Safra clássica de um Montrose

As diferenças não param por aí. Montrose apresenta um solo com mais cascalho e maior proporção de areia em meio argiloso. O cascalho se dando bem no Médoc, pois a calor é refletivo nas uvas nos meses de maturação, além de contar com excelente drenagem, são fatores essenciais para o cultivo da Cabernet Sauvignon. A proporção de Cabernet no corte clássico de um Montrose é de dois terços para um terço de Merlot. Isso faz de Montrose um vinho firme, tânico e de alta acidez.

Montrose: Vinhas que olham o Gironde

Diversas são as  frases que definem o Médoc: “o solo do Médoc muda a cada passo”, “Médoc: um terroir forjado pelo homem”, e  “as melhores vinhas são aquelas que olham o rio”. A primeira frase refere-se ao fator drenagem, extremamente irregular na região, importantíssimo num local cercado por águas. A segunda diz sobre um conjunto de fatores que permitem plantar vinhas de alta qualidade. A floresta de pinheiros a oeste evitando o avanço das dunas e ao mesmo tempo, impedindo a umidade e salinidade do Atlântico. O trabalho de engenheiros holandeses no século dezessete drenando toda a região com as famosas valas, muitas delas divisas de comunas famosas. E por último, a localização das melhores vinhas numa posição privilegiada vigiando o rio. Esta localização tem a ver com o movimento das marés ao longo de milhares de anos depositando e posicionando as camadas mais espessas de cascalhos, item fundamental para melhorar a eficiência de absorção de água no terreno.

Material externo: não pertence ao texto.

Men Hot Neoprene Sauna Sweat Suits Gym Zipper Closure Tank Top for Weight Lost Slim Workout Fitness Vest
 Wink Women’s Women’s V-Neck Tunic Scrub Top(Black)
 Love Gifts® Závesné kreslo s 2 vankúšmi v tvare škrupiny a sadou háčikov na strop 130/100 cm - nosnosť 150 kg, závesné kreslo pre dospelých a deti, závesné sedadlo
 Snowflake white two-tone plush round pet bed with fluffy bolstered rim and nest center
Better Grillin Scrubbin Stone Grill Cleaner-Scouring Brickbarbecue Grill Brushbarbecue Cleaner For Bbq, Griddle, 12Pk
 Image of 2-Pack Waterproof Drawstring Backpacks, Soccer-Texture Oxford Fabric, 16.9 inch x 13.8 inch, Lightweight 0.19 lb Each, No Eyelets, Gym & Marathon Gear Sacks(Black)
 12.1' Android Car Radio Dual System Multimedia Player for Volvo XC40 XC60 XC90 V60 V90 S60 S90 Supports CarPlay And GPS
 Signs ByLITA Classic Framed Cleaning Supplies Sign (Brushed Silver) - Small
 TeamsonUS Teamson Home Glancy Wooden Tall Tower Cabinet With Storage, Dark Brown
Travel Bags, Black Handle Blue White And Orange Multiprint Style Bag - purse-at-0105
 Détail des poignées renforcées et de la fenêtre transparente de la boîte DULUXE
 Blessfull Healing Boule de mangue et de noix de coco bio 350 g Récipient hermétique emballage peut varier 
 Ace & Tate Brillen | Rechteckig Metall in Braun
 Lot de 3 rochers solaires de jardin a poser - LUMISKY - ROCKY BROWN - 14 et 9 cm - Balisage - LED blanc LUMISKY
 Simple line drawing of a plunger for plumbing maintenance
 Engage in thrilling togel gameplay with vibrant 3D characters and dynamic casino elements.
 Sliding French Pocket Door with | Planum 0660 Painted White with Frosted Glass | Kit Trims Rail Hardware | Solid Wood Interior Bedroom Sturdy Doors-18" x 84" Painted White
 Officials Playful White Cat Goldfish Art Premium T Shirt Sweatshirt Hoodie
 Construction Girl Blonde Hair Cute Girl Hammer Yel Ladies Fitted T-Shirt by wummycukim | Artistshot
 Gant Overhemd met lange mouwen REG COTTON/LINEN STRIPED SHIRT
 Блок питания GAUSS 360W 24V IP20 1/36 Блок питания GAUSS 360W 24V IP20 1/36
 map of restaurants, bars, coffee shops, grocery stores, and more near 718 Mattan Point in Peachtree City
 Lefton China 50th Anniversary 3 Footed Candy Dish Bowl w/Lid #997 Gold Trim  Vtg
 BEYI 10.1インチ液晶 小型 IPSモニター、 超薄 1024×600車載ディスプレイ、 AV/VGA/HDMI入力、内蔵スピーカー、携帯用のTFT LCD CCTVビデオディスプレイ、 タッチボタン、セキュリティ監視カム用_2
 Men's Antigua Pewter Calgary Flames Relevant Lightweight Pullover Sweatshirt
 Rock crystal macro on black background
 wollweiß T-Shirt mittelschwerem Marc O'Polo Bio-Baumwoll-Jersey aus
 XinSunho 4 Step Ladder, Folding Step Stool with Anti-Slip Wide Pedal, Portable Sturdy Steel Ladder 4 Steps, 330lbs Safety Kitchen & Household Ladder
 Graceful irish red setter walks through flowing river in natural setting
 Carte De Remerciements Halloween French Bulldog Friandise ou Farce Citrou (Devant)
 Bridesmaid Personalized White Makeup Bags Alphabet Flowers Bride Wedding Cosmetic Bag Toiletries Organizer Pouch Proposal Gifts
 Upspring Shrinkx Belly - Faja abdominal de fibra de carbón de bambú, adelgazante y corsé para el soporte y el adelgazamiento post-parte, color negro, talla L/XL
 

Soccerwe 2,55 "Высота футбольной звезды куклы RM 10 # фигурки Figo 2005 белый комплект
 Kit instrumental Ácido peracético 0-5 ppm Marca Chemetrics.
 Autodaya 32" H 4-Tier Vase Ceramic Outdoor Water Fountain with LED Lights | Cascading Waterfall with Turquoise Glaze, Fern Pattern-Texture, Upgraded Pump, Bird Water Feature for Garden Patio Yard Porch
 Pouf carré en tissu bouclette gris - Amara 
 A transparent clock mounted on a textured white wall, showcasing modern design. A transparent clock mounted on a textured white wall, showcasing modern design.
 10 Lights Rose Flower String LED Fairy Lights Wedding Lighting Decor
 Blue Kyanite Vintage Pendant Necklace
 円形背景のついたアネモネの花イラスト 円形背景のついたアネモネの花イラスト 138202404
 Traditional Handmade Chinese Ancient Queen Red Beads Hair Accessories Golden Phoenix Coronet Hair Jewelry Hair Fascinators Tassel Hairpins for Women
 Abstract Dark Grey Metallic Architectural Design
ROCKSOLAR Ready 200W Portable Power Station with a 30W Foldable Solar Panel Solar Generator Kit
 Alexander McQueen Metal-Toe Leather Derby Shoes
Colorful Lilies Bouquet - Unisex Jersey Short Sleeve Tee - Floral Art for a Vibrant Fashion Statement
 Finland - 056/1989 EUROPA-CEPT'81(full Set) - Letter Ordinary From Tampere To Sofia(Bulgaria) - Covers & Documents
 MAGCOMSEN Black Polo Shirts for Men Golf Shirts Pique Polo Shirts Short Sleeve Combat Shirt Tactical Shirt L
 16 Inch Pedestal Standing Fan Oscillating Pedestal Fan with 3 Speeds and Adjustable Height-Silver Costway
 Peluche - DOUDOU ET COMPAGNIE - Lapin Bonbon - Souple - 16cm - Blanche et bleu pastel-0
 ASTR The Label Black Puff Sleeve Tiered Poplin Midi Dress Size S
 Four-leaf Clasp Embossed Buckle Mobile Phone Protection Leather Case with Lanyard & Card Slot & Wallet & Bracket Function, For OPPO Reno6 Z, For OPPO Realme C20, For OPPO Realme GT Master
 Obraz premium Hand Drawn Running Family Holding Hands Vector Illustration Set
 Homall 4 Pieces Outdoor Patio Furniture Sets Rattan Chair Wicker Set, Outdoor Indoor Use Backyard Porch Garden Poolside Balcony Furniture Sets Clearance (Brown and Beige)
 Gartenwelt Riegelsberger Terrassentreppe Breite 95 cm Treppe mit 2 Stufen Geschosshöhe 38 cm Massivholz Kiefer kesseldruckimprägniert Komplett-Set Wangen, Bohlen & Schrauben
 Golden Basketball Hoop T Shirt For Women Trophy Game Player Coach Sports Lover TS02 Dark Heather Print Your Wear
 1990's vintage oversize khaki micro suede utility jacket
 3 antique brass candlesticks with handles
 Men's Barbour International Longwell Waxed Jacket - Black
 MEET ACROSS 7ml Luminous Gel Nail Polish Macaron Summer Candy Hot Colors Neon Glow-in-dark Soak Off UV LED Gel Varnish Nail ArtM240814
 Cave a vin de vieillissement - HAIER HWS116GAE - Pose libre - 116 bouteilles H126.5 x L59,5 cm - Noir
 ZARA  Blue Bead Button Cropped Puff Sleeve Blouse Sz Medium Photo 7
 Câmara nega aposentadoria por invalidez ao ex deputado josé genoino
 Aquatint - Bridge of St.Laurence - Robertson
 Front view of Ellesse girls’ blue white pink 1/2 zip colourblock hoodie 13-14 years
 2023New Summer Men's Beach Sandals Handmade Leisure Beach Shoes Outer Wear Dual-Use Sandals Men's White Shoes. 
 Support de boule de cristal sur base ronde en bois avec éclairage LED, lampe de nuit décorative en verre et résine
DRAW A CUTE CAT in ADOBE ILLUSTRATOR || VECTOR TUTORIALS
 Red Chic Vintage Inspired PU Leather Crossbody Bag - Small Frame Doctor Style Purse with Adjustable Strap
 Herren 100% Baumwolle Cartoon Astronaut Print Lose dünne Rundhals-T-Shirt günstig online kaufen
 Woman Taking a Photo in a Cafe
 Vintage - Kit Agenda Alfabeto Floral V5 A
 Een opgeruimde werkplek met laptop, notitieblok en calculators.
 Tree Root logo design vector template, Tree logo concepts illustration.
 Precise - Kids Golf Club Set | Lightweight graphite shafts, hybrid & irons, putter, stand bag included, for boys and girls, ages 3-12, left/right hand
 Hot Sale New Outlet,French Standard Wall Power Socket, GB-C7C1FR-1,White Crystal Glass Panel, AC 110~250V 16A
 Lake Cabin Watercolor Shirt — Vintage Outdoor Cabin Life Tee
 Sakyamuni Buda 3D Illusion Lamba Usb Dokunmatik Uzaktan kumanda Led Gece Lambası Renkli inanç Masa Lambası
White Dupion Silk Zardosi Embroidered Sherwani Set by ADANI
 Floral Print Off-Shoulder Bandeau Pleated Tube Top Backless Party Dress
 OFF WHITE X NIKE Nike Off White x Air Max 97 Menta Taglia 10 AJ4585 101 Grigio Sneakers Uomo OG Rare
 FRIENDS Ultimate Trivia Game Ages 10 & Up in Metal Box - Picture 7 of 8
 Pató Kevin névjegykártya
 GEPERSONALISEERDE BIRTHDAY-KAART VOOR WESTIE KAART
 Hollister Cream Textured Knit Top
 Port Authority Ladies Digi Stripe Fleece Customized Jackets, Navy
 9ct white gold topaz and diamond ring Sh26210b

Em Cos d´Estournel,  o solo também pedregoso mistura-se numa mescla de argila e calcário. A proporção de Merlot sempre que possível, é ligeiramente maior que Montrose. As fermentações procuram enaltecer a fruta, sem extrações excessivas de taninos. O tempo de amadurecimento em barricas de carvalho é um pouco maior em relação ao Montrose, além da porcentagem de barricas novas também ser prevalente. Na média, 80% de barricas novas em Cos d´Estournel e 60% em Montrose. Todos esses fatores fazem de Cos d ´Estournel um vinho mais macio, mais frutado, e mais aromático em sua juventude, embora possa envelhecer de forma brilhante ao longo dos anos. A safra de 1982 encontra-se em plena forma.

Duas safras memoráveis

Pela acidez e tanicidade dos tintos de Saint-Estèphe, se comparássemos aos vinhos de Barolo, Montrose seria um Serralunga d´Alba e Cos d´Estournel seria um La Morra.

Enfim, o Médoc tem seus mistérios como toda grande região vinícola. Alguns ainda por descobrir, outros parcialmente desvendados, tentado explicar as sutilezas desses caldos bordaleses que há séculos encantam apreciadores mundo afora.